Record excerpts: Begin

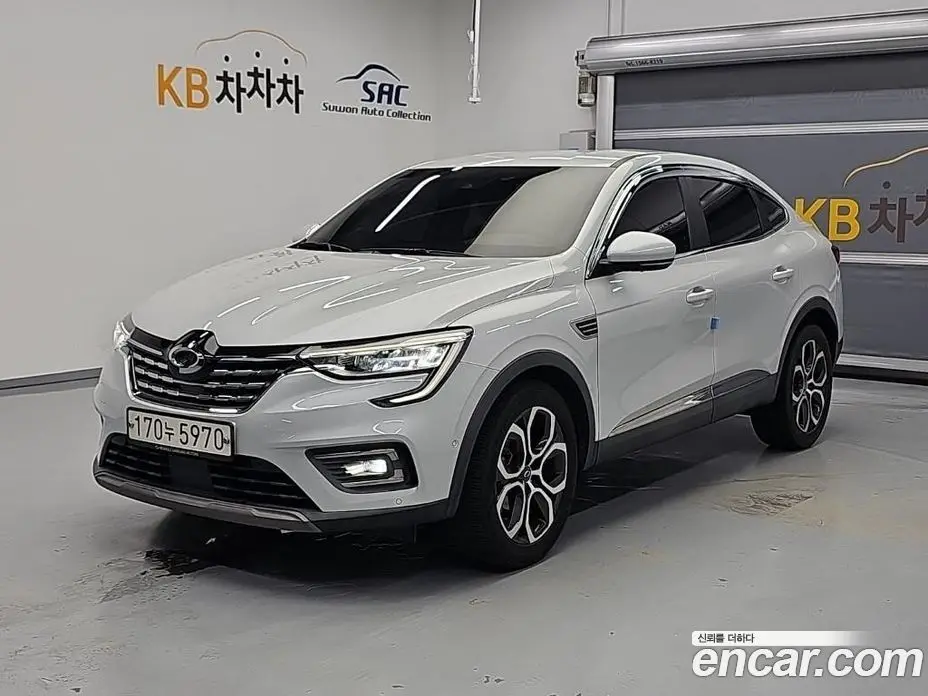 Renault (Samsung) XM3 2020 1.3 автомат (гидро), фото 1 Renault (Samsung) XM3 2020 1.3 автомат (гидро), фото 1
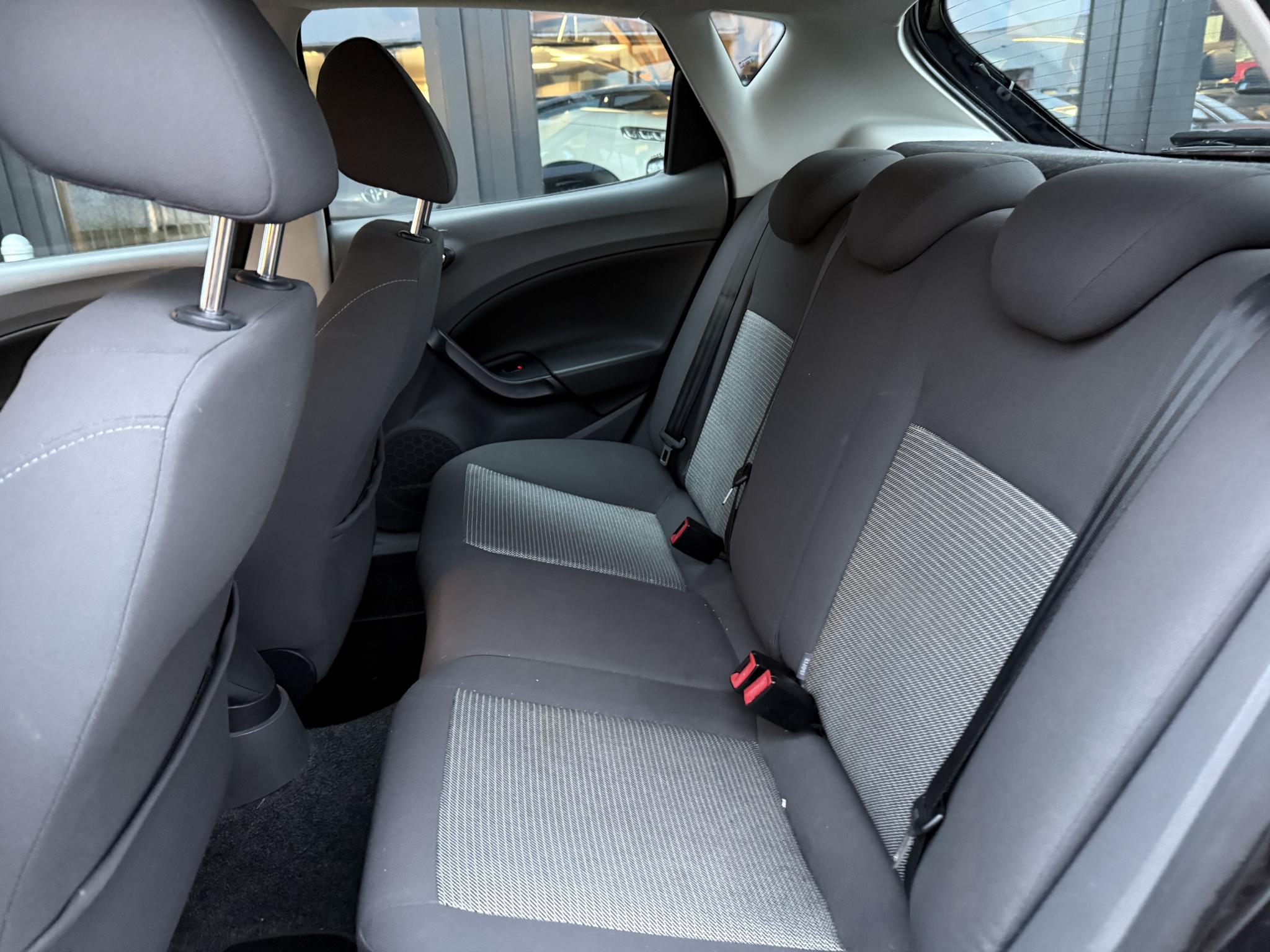Foto van Seat Ibiza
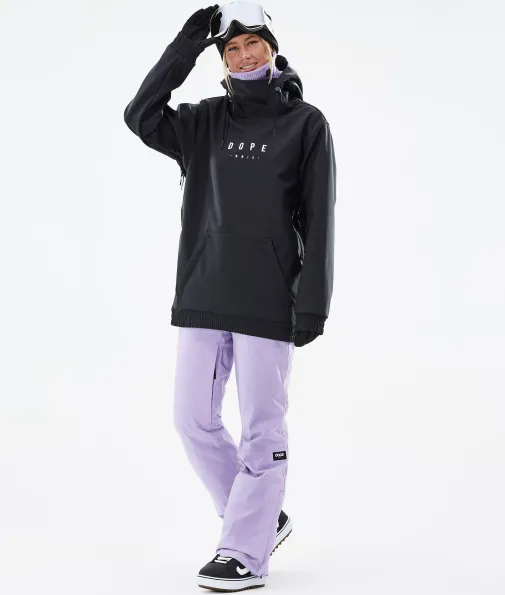 yeti_w__5-7.webp Snowboardjacken<Dope Snow Yeti W 2022 BlackPeak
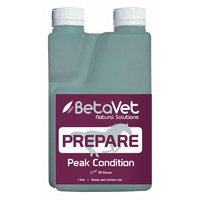BetaVet Natural Solutions Horse Prepare Peak Condition Supplement - 6 Sizes image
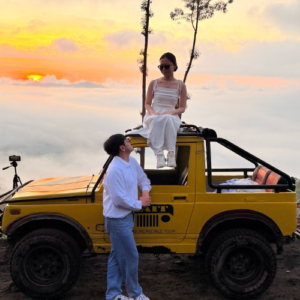 Kintamani Mount Batur Jeep Sunrise Tour​ - Kintamani Jeep Tour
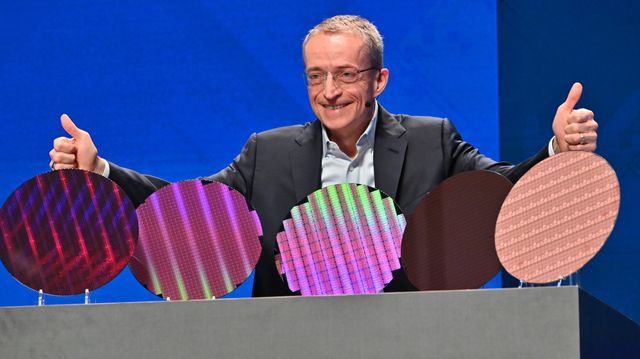 Intel saksøkes for feil med prosessorene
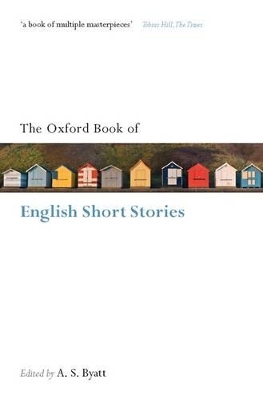 Oxford Book of English Short Stories book
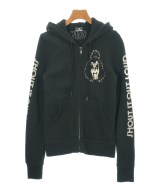 HYSTERIC GLAMOUR（ヒステリックグラマー）パーカー 黒 サイズ:F レディース/2200622137100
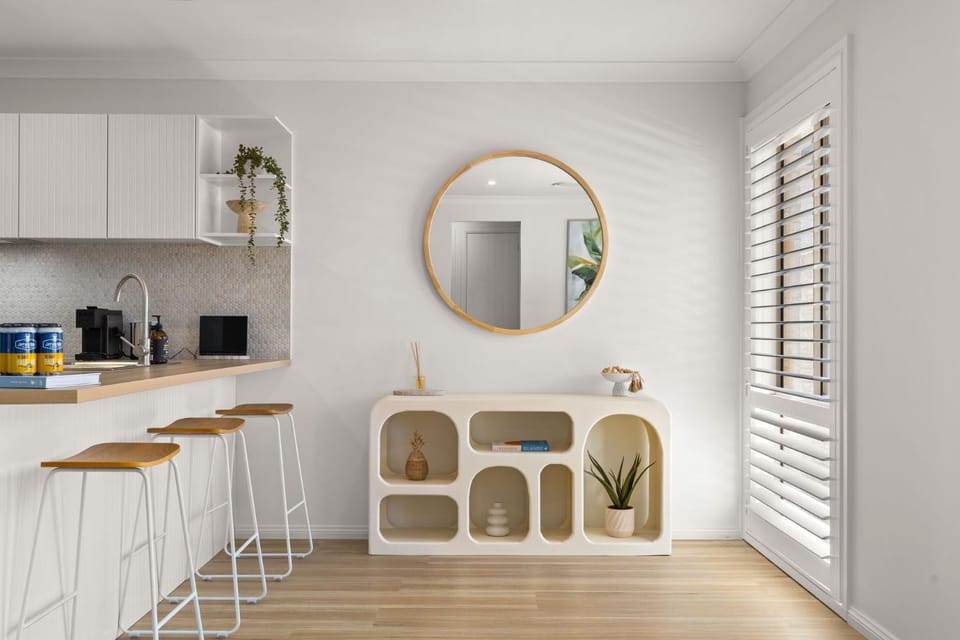 Pipis Huskisson by Experience Jervis Bay House in Huskisson
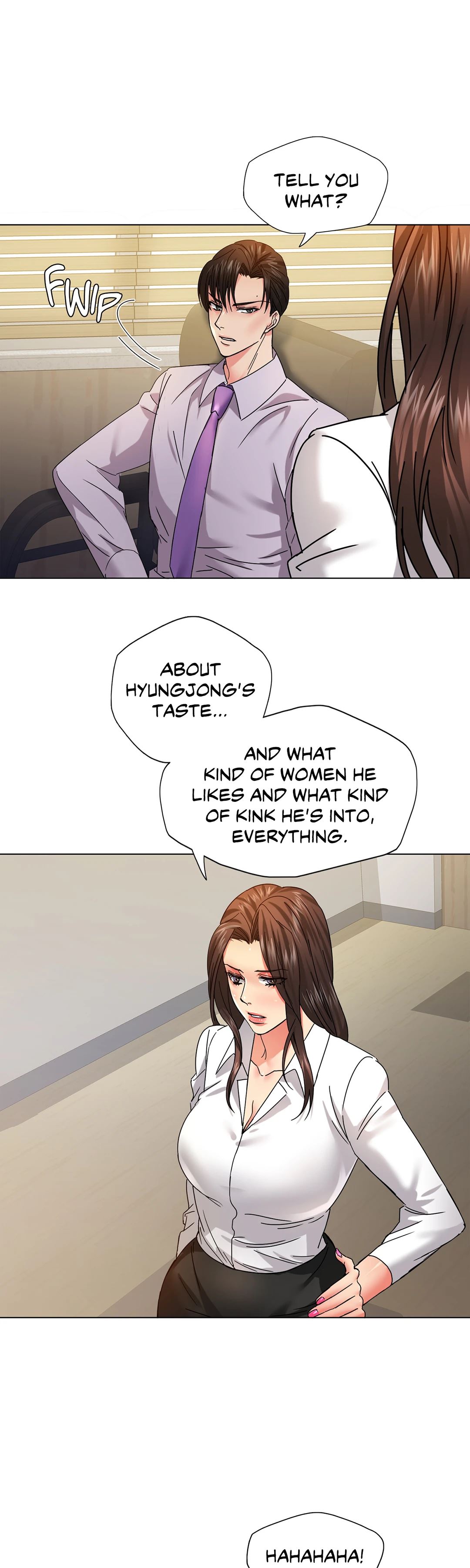 Climb on Top Chapter 43 image 24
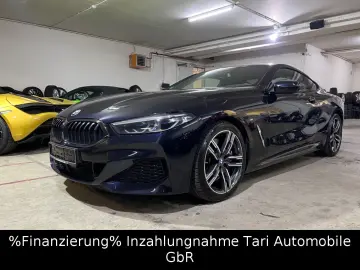 840d xDrive Coupé M-Sportpaket Laser,Keyless,360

Record excerpts: End

If an entry contains a picture, skip the picture and reproduce everything else exactly.

Worked solution
 Renault (Samsung) XM3 2020 1.3 автомат (гидро), фото 1 Renault (Samsung) XM3 2020 1.3 автомат (гидро), фото 1
Foto van Seat Ibiza
 yeti_w__5-7.webp Snowboardjacken<Dope Snow Yeti W 2022 BlackPeak
BetaVet Natural Solutions Horse Prepare Peak Condition Supplement - 6 Sizes image
 Kintamani Mount Batur Jeep Sunrise Tour​ - Kintamani Jeep Tour
 Intel saksøkes for feil med prosessorene
 Oxford Book of English Short Stories book
 HYSTERIC GLAMOUR（ヒステリックグラマー）パーカー 黒 サイズ:F レディース/2200622137100
 Pipis Huskisson by Experience Jervis Bay House in Huskisson
 Climb on Top Chapter 43 image 24
 840d xDrive Coupé M-Sportpaket Laser,Keyless,360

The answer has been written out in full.